Given material:
····················
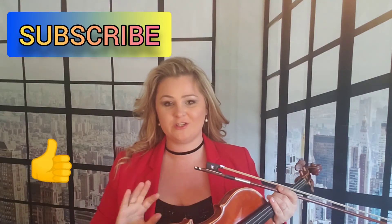Thank you so much for watching. Subscribe and like and I will see you around. Bye bye.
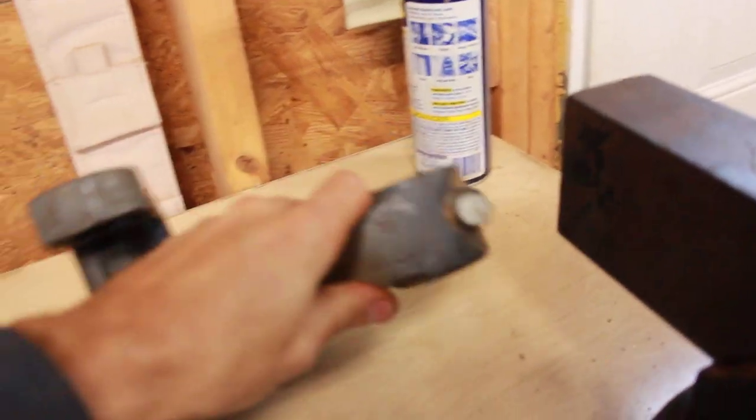Certainly don't use any metal type of hammering tool. With some WD-40 and a rubber mallet that usually takes care of getting that off without any problem. I've done several that way.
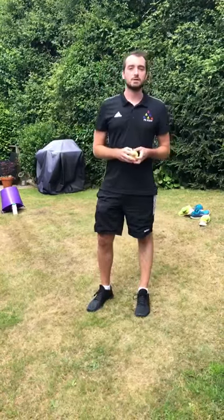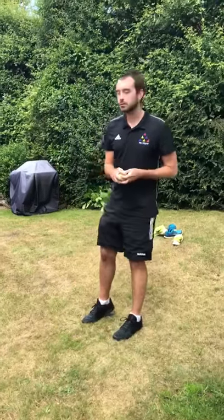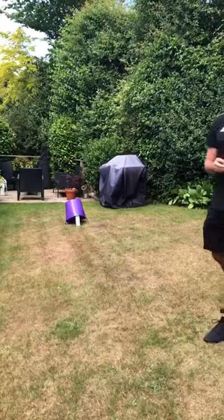Hi everyone, welcome to the next event on our virtual sports day at the Spires College. This event is called the laundry basket trap and all you need is a laundry basket and a water bottle holding it up along with a tennis ball.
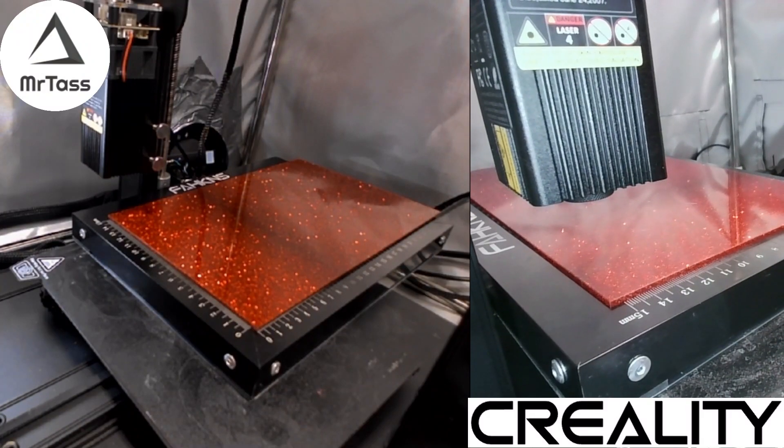Hey everyone, Mr. Toss here with the Mr. Toss 3D Print Shop. I want to show you a must-enable setting in Lightburn that will save you time and material for lining up your items.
····················
Exercise directions: Beginning with the line that holds "Certainly don't use", output each line to the end of the material above, exactly, omitting the pictures.

Reply:
Certainly don't use any metal type of hammering tool. With some WD-40 and a rubber mallet that usually takes care of getting that off without any problem. I've done several that way.
Hi everyone, welcome to the next event on our virtual sports day at the Spires College. This event is called the laundry basket trap and all you need is a laundry basket and a water bottle holding it up along with a tennis ball.
Hey everyone, Mr. Toss here with the Mr. Toss 3D Print Shop. I want to show you a must-enable setting in Lightburn that will save you time and material for lining up your items.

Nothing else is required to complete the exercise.